Геродот – великий древнегреческий историк.
Бредания (в подлиннике Angle-land ) – шуточно искаженная «Британия».
«Я дерну шнур…» – в лондонских кэбах имелся особый шнур, своеобразный «стоп-сигнал», за который дергал седок, желавший сойти.
Строфы XXVI–XXVIII. Браун заметил: «Какое описание лондонского кэба может быть лучше этого? Но в до чего же неподходящем сочинении!»
Magazin des Modes (читается «магазэн де мод») – модная лавка ( франц. ).
Dentes sapientiae (читается «дэнтэс сапиэнциэ») – зубам мудрости ( лат. ). Швейцар перечисляет некоторые принадлежности магического искусства. Мелом чертили каббалистические знаки при заклинаниях. Aqua-vitae ( лат. ; читается «аква витэ») – буквально: «вода жизни, живая вода» – спирт.
Entre nous (читается «антрэ ну») – между нами ( франц. ).
«Богатая игрушка, заводная…» – Китс имеет в виду знаменитого заводного тигра, сработанного для Типпу-Султана. Этот индийский владыка, знаменитый своей исключительной лютостью, потерпел поражение от англичан при Серингапатаме, в 1799 году. Среди прочих трофеев, победители взяли механическую игрушку, выполненную почти в натуральную величину: заводной тигр нападал на куклу, изображавшую английского офицера, и терзал ее, издавая громкий рык.
В 1818 году игрушка очутилась на выставке, устроенной Ост-Индской Компанией, и Китс наверняка видал ее собственными глазами. Некоторые британские литературоведы полагают, что и «цепной комар», и «рой несытых ос», упоминаемые царем Эльфинаном, возникли в поэме как шуточный отголосок рассказов о милых забавах венценосного индийца.
Зрак – зрелище, вид.
Crēme de citron (читается «крэм де ситрон») – апельсиновый ликер ( франц. ).
«Здесь горе вдовам, и лафа коровам!» – корова была и остается для индийца неприкосновенным животным, а самосожжение вдов с огромным трудом искореняла – и, кажется, сумела искоренить – британская колониальная власть.
Адмирал де Витт – выдающийся голландский флотоводец и государственный деятель (XVII в.).
Всклянь – доверху, до самых краев стакана, рюмки и т. д.
Жупел – пылающая сера, «огнь испепеляющий».

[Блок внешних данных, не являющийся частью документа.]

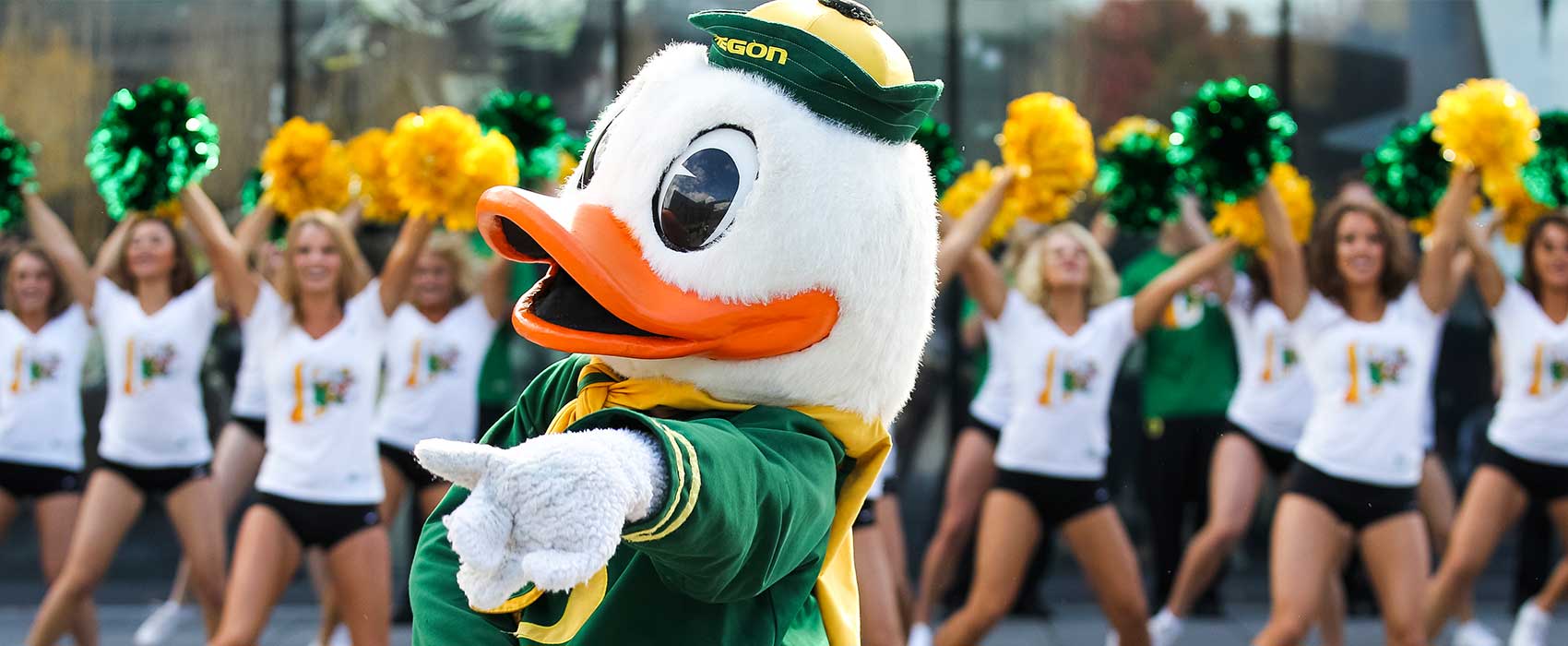 Popeye recommend best of oregon ducks cheerleaders University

Прощай, прощай! И ежели навек – // Навек прощай! »: в подлиннике – незначительно измененные Байроновские строки “ Fare thee well, and if for ever – // Still for ever, fare thee well… ”. Образованному английскому читателю эти стихи знакомы так же хорошо, как русскому – «Я вас любил…»

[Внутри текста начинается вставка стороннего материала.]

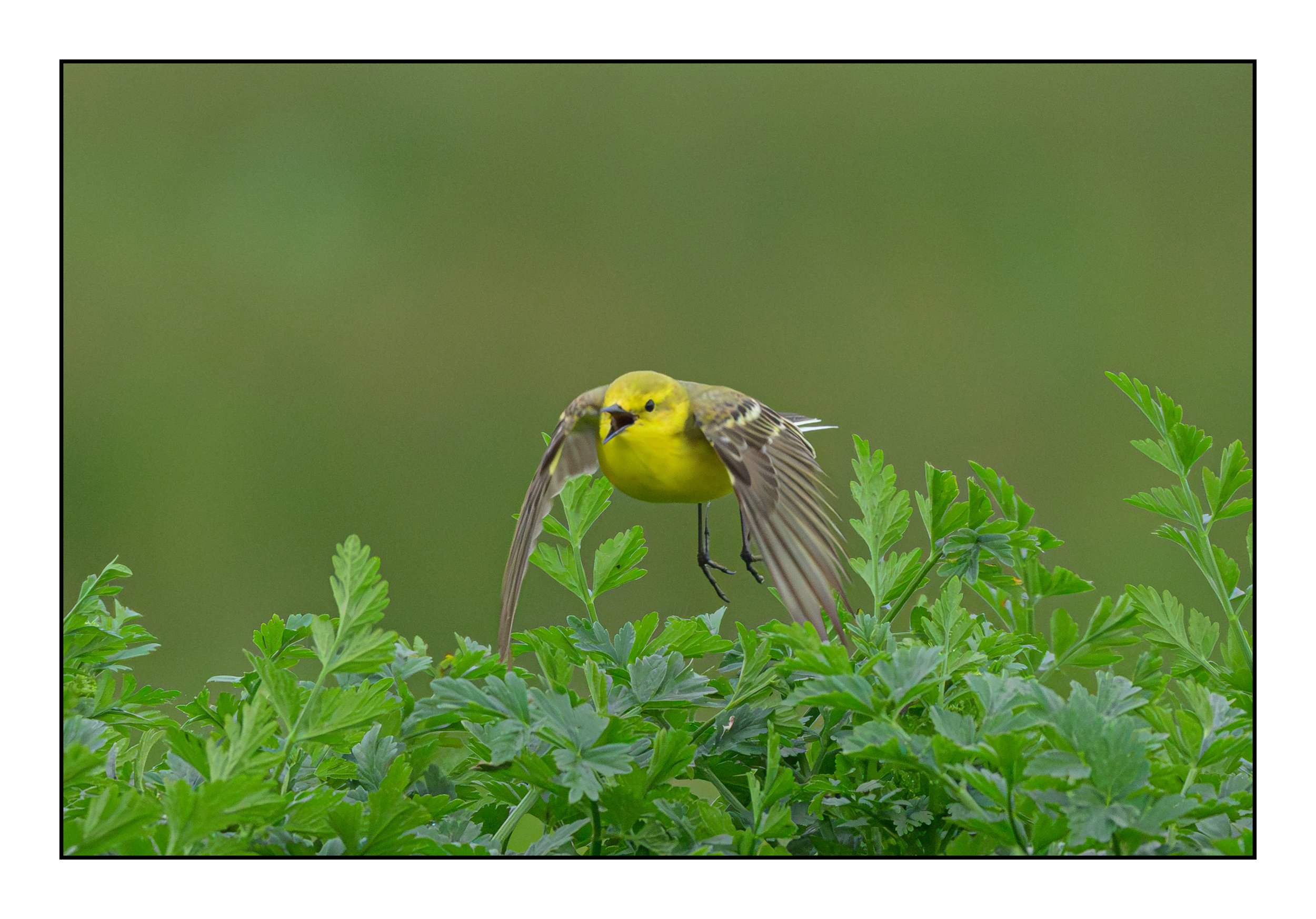 Yellow Wagtail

Балх – древнеперсидский город.
Замест – вместо.
Вельми – очень, весьма.
Проталама – древнегреческим новобрачным пели песнь-проталаму вечером, перед входом в опочивальню, а утром, когда супружеская чета опять выходила на люди, звучала эпиталама («таламос» по древнегречески – ложе). Ср.: «пролог» и «эпилог» – «предисловие» и «послесловие».
«Гиперион»
Гиперион. Отрывок. Работа над этим произведением началась в конце сентября и прервалась 1 декабря 1818 года, когда скончался Том Китс (к этому времени были написаны две книги). В апреле 1819-го Джон Китс отказался от замысла и, вероятно, стал обдумывать «Падение Гипериона». По настоянию друзей, большой и полностью отшлифованный вступительный фрагмент напечатали в книге «“Ламия”, “Изабелла”, “Канун Святой Агнессы” и другие стихи» (1820 год).

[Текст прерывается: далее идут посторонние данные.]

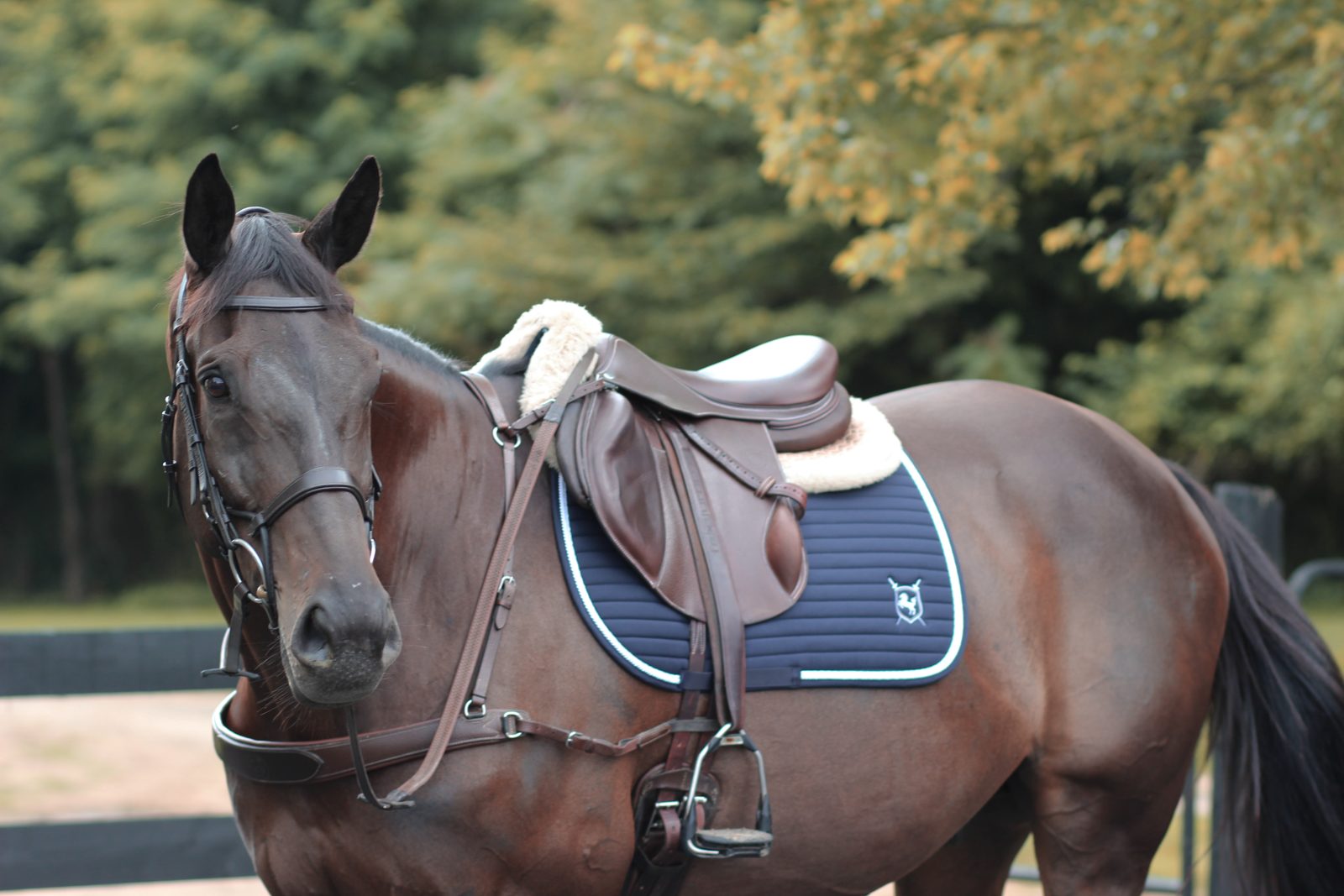 Brave Horse equine apparel gallery image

Миф о низвержении всемирных владык, бессмертных титанов Уранидов, поднявшимися против них богами-олимпийцами, сыновьями Крона, достаточно известен любому сколько-нибудь просвещенному читателю. Это сказание – одно из наиболее смутных в античной традиции. Действие поэмы начинается немедленно после того, как боги-олимпийцы, ведóмые младшим Кроновым сыном, Зевсом, одержали победу над Уранидами.
Все комментаторы отмечали, что «Гиперион» возник под заметным влиянием Мильтоновского «Потерянного Рая» – говорил об этом и сам автор. Тем не менее, внимательный анализ текста позволяет предполагать, что на самом деле перед нами – случай то ли вестничества (довольно родственного Мильтоновскому), то ли пробуждавшейся (должно быть, незаметно для Китса) глубинной, хотя и смутной, памяти о невообразимо давнем воплощении в иных мировых слоях, то ли оба этих случая сразу. Обосновывать подобное предположение – значило бы непомерно расширять комментарий; однако читатель, помнящий, что говорится у Даниила Андреева в «Розе Мира» о человечестве титанов, способен и волен строить самостоятельные догадки.